2016 – It’s all about constant accessibility

The world is different today, than 50 years ago. A number of key factors are shaping the change in knowledge-intense professions:

  • Information overload – we produce more and more information. Thanks to the Internet and the World Wide Web, the amount of information available is greater than ever.
  • Education has changed. Employees of the 50’s grew up during a time when education was about learning facts by rote. The schools of today focus more on teaching how to learn through experience, to find information and how to assess its reliability.
  • Ownership is less important. We used to think it was important to own music albums, have them in our collection for display. Nowadays it’s all about accessibility, to be able to stream Spotify, Netflix or an online game or e-book on demand. Similarly we can see the increasing trend of leasing cars over owning them. Younger generations take these services and the accessibility they offer for granted and they treat information the same way, of course. Why wouldn’t they? It is no longer a competitive advantage to know something by heart, since that information is soon outdated. A smarter approach of course is to be able to access the latest information. Knowing how to search for information – when you need it.

Factors supporting the need for organising the free flow of the right information:

  • Employees don’t stay as long as they used to in the same workplace anymore, which for example, requires a more efficient on boarding process. It’s no longer feasible to invest the same amount of time and effort on training one individual since he/she might be changing workplace soon enough anyway.
  • It is much debated whether it is possible to transfer knowledge or not. Current information on the other hand is relatively easy to make available to others.
  • Access to information does not automatically mean that the quality of information is high and the benefits great.

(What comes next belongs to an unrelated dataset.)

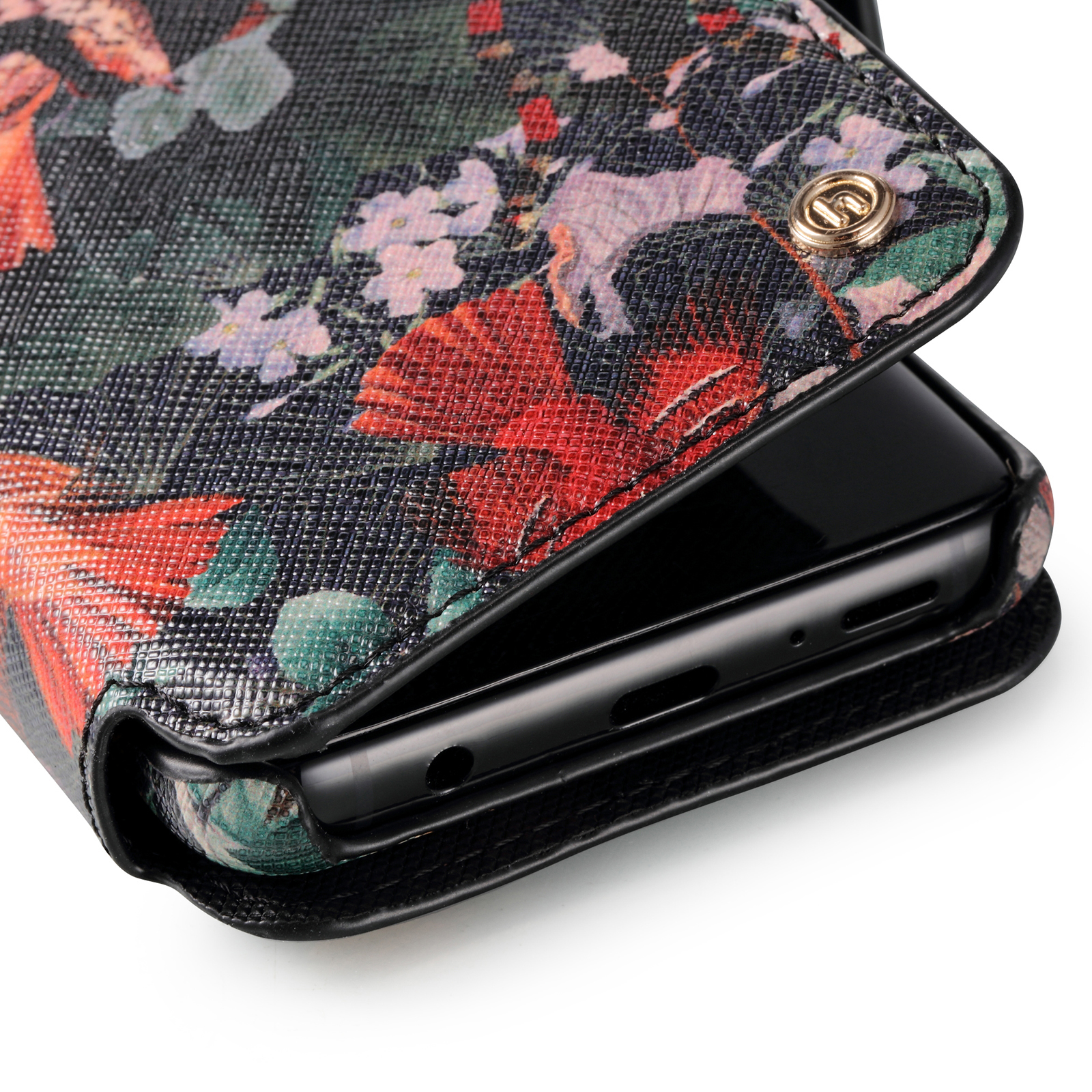 HOLDIT Wallet, Bookcover, Samsung, Galaxy S9, Mehrfarbig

Organisations lack the right tools

Knowing a lot of facts and knowledge about a gradually evolving industry was once a competitive advantage. Companies and organisations have naturally built their entire IT infrastructure around this way of working. A lot of IT applications used today were built for a previous generation with another way of working and thinking. Today most challenges involve knowing where and how to find information. This is something we experience in our daily work with clients. Organisations more or less lack the necessary tools to support the needs of the newer generation in their daily work.

To summarize the challenge: organisations need to be able to supply their new workforce with the right tools to constantly find (and also manipulate) the latest and best information required for them to shine.

Success depends on finding the right information

In order for the new generation to succeed, companies must regularly review how information is handled plus the tools supporting information-heavy work tasks.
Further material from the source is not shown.